ABOUT THIS EXERCISE -
Look through the records below for the line with "Red-wattled Lapwing" and the line with "IMG_1313.JPG", then return those lines and all lines between, exactly.

Excerpts from a dataset -
━━━━━━━━━━━━━━━━━━━━

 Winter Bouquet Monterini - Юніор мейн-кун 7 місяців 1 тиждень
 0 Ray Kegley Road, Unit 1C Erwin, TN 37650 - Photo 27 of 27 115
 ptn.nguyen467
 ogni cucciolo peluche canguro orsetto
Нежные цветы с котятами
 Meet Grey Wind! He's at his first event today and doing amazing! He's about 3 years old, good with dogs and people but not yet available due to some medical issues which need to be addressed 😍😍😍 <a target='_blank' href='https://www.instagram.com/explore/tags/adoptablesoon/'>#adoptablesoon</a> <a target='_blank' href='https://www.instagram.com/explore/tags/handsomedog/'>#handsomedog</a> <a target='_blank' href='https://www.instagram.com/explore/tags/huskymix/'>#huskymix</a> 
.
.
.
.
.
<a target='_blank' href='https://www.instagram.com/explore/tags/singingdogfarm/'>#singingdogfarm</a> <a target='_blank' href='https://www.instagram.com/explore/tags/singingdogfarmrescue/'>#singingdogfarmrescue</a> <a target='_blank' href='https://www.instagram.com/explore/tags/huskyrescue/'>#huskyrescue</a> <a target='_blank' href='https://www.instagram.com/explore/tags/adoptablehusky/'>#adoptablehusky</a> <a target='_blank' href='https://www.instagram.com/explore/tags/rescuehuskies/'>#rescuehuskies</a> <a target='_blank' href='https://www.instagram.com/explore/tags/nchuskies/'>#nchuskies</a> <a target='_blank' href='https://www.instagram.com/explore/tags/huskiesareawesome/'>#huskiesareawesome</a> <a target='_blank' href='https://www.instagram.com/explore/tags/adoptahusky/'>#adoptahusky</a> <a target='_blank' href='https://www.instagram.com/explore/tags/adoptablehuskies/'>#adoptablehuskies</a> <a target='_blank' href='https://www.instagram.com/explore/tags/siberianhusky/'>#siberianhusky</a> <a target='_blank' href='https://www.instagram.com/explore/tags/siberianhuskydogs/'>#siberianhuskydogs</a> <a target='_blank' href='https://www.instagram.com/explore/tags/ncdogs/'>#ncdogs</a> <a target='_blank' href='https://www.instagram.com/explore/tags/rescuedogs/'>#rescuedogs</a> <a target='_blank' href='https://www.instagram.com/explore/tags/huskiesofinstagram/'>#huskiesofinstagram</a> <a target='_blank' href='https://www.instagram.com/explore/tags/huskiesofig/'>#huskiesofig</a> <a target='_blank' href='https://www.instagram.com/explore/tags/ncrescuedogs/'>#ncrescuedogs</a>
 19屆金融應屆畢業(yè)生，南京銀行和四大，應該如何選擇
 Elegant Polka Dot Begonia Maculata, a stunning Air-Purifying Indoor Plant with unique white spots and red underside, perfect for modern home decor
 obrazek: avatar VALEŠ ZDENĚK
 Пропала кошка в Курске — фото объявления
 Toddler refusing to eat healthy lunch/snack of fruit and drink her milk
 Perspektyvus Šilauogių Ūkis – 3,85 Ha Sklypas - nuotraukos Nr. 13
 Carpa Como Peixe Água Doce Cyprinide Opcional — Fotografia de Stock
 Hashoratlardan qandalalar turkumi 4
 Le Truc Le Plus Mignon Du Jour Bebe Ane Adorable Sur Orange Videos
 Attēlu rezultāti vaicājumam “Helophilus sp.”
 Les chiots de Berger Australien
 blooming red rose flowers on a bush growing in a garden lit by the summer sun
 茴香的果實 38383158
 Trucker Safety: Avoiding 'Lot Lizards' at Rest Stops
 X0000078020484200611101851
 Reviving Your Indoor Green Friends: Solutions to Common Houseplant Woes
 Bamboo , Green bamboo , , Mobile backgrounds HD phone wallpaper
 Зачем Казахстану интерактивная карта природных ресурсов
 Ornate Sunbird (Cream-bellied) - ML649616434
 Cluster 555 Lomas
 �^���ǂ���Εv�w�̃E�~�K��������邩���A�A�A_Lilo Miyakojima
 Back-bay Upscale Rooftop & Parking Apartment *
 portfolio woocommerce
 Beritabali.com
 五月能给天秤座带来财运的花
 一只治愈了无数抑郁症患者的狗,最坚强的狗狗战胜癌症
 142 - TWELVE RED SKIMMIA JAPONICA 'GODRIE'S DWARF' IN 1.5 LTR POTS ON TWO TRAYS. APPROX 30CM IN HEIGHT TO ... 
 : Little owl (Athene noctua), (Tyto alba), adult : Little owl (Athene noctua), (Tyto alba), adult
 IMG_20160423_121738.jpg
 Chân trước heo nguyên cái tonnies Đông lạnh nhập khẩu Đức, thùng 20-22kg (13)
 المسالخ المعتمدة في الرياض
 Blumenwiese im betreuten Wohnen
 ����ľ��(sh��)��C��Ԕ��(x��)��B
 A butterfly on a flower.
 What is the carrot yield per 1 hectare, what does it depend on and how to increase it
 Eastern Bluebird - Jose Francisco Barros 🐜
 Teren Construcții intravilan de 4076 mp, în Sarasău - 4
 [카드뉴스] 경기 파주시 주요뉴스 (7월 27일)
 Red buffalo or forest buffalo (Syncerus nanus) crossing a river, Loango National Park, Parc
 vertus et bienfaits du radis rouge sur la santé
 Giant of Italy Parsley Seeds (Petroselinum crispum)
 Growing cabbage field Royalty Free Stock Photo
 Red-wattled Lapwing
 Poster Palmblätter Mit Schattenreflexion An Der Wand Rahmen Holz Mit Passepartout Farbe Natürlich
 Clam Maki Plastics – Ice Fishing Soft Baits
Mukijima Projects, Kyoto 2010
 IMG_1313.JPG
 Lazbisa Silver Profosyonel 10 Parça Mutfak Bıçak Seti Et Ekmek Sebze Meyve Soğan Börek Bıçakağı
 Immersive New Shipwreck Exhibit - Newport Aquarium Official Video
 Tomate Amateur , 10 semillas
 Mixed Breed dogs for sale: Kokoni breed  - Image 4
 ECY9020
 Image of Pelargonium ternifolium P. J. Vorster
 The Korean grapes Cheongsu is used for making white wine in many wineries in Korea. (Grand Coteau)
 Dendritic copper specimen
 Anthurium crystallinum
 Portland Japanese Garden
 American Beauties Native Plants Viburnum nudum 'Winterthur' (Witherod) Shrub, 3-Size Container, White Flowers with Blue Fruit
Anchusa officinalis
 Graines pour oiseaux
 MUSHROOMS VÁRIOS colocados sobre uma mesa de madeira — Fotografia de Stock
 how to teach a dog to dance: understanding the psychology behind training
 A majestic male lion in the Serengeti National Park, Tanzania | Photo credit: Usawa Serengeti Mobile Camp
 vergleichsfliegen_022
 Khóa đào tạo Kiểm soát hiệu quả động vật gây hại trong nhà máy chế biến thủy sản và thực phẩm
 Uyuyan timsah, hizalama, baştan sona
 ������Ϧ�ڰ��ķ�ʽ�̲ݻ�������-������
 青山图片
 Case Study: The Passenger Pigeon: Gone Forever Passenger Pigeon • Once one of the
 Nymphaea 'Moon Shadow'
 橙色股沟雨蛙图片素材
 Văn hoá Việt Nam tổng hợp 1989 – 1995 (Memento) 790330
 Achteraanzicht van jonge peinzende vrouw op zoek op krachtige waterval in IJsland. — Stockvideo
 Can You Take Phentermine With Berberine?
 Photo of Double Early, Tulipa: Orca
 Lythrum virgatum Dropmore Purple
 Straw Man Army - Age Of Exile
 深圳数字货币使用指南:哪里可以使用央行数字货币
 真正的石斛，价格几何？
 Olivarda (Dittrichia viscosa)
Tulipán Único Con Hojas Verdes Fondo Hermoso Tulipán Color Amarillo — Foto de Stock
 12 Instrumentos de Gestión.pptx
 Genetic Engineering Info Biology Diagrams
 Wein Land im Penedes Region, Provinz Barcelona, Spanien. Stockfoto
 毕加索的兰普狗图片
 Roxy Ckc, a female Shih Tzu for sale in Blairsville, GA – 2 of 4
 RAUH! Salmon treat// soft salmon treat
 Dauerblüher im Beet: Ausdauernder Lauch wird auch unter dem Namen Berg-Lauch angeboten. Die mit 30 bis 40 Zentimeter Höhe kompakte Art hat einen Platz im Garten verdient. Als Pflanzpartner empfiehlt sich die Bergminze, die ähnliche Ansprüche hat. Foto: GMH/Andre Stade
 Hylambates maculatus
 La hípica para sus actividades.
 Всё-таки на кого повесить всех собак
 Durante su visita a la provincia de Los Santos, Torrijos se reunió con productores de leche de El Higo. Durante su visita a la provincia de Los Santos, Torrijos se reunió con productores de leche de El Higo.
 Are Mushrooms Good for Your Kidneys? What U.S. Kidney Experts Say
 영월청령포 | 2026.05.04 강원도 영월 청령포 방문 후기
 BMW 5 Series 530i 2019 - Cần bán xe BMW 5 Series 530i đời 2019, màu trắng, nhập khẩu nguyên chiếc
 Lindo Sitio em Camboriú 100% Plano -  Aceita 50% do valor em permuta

━━━━━━━━━━━━━━━━━━━━

FINISHED TASK -
 Red-wattled Lapwing
 Poster Palmblätter Mit Schattenreflexion An Der Wand Rahmen Holz Mit Passepartout Farbe Natürlich
 Clam Maki Plastics – Ice Fishing Soft Baits
Mukijima Projects, Kyoto 2010
 IMG_1313.JPG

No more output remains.